How would i procedurally generate caves

I know this topic has been covered before, however my case is slightly different.
I’ve generated a ‘hexagonal’ world like so:


Each hexagon is one mesh that’s 150 long on the y axis, I want to generate caves without the need of stacking tons of hexagons on the y axis then using perlin worms etc to remove the hexagons, this would be very expensive for performance.

Instead, what i was thinking of doing is something like this:


This is a cross-section of the ‘hexagon terrain chunk’, noise will dictate where the empty space is and another noise will dictate the size of the empty space, This way, there is at most, 2 hexagons in one cell of a chunk.

There’s a few issues however, I’m not sure how I can replicate this on a 3d scale (having the cave move up, down, left, right and also making the cave wide / thin) and how I could make sure that each cave has a starting point on the surface.

I did a fairly bad job explaining so please let me know if you need me to elaborate, Any tips are appreciated too.

3 Likes

This is such a cool idea! I’ll give it a try and report back…

You could still use perlin worms, what I’d do is this:

  1. Create two layers of hexagons.
  2. Calculate the cave’s heightmap using perlin worms
  3. Apply half the height to the top layer
  4. Apply the other half of the height to the bottom layer

This would create this:
image

Then apply some noise to randomise the height a bit to make it look less uniform, or you could apply another layer of noise on the bottom layer.

Sorry if this doesn’t make sense in text, it makes more sense in my head.

2 Likes

Map Gen.rbxl (25.8 KB)

Here’s my approach, giving results like the above image.

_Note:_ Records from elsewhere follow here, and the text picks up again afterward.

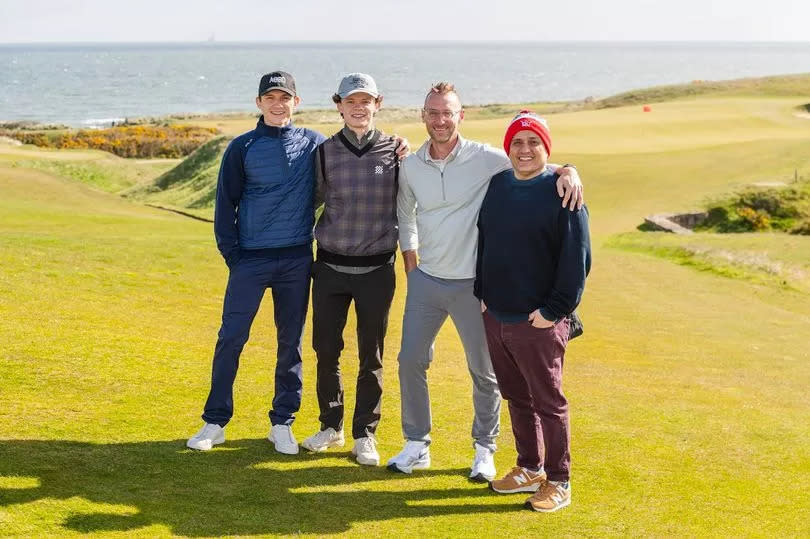 Tom Holland, Harry Holland, Donald Mustard, and Joe Russo attend the first annual Tom Holland Charity Golf Tournament benefitting The Brothers Trust and Sands: International Film Festival of St Andrews sponsored by AGBO on April 19, 2024 in St Andrews, Scotland.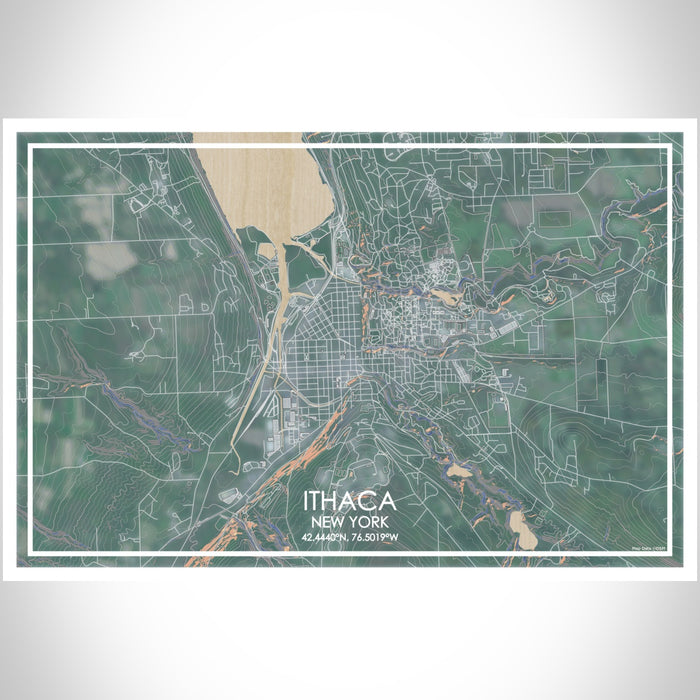 Ithaca New York Map Print Landscape Orientation in Afternoon Style With Shaded Background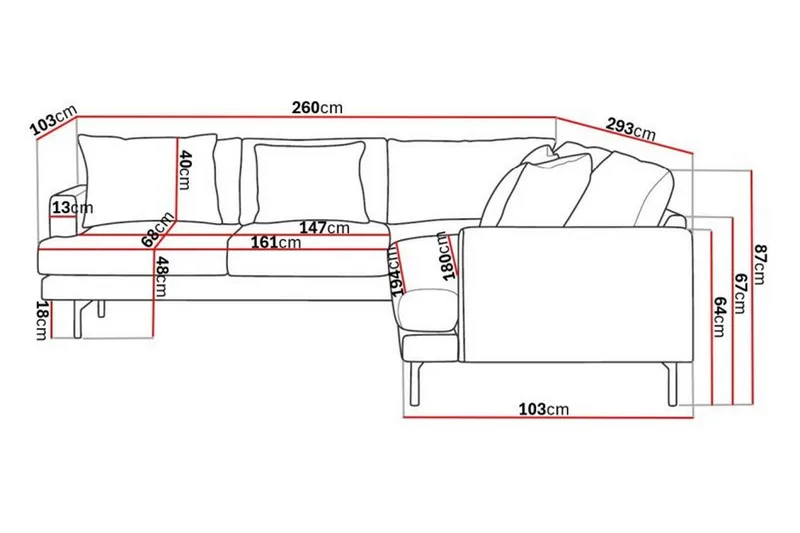 Menard 6-seters Venstrevendt L-formet Hjørnesofa i Manchester - Grønn - Møbler - Sofaer - Hjørnesofa
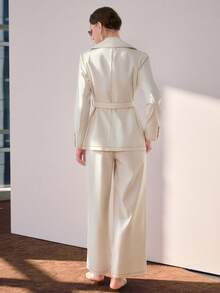 Sollinarry 女士春夏新款时尚纯色口袋装饰腰带开衫外套和阔腿裤两件套，复古风格，适合办公室和教师穿着 - 杏色 - 查看 5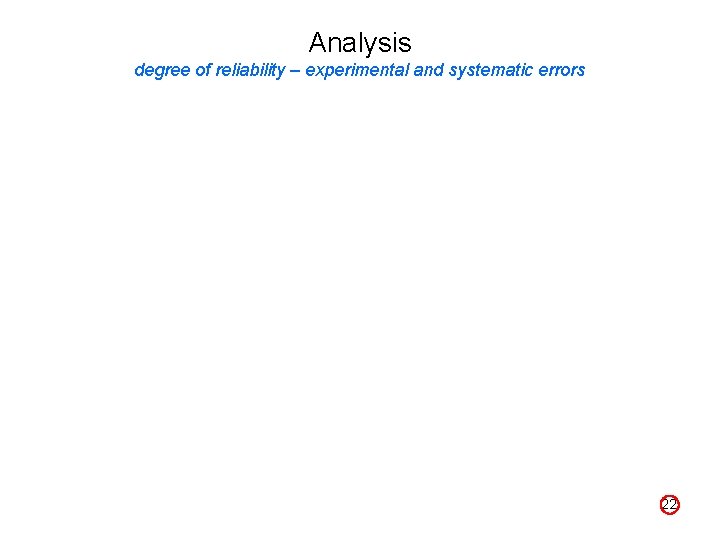 Analysis degree of reliability – experimental and systematic errors 22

It walks over each (X, Z) tile coordinate of the map (so 8 studs resolution in this case), and then walks through every Y coordinate, so 1 vertical stud per step, starting at the top of the level. It keeps track of whether or not it’s already “got” a part. If it has a part and the next step is solid, make the part 1 taller and move it 0.5 down. If it has a part and the next step is not solid, don’t make the part taller and “finish it”. If it doesn’t have a part and the next step is solid, start a new part at the current Y coord. If it doesn’t have a part and the next step is not solid, do nothing. Or in code

function generateTileAt(x, z)
	local currentTile = nil
	
	for y = -MAP_HEIGHT/2, MAP_HEIGHT/2 do
		if isSolid(x, y / TILE_SIZE, z) then
			if currentTile then
				currentTile.Size += Vector3.new(0, 1, 0)
				currentTile.CFrame -= Vector3.new(0, 1/2, 0)
			else
				currentTile = TILE_PREFAB:Clone()
				currentTile.CFrame = CFrame.new(x * TILE_SIZE, y, z * TILE_SIZE)
				currentTile.Color = Color3.fromHSV(0.2755 + math.random() / 5, 0.314107 + math.random() / 10, 0.611765 + math.random() / 10)
				currentTile.Parent = game.Workspace.Tiles
			end
		else
			if currentTile then	
				currentTile.Parent = game.Workspace.Tiles
				currentTile = nil
			else
				
			end
		end
	end
	
	if currentTile then	
		currentTile.Parent = game.Workspace.Tiles
		currentTile = nil
	end
end
1 Like

That could work, I’ll have to give that a shot, do you have any re-cap videos on perlin worms i need to refresh my mind.

Firstly, I really appreciate the effort you put in to help me out, I’ve tried implementing this method into my game aswell but it didn’t turn out as expected. It would give me cracks in the ground instead of caves. I’ve heard of this method before too, it works better with voxel-like terrain where there’s cubes stacked ontop of eachother I think.

The main problem i faced though was widening the cave, it would make only crack-like caves in the ground.

If anyone wants, here is the place file: MapGeneration.rbxl (95.4 KB)
The script is under startercharacter scripts, see what you can do from there. I’ll be giving the perlin worms a shot tomorrow once I’ve gotten a re-cap on them.

Not sure if these are helpful, but the developer forums seems to have a lot of threads about it already. Unity and Unreal has a lot of discussion about it too, and of course our biggest friend, Google.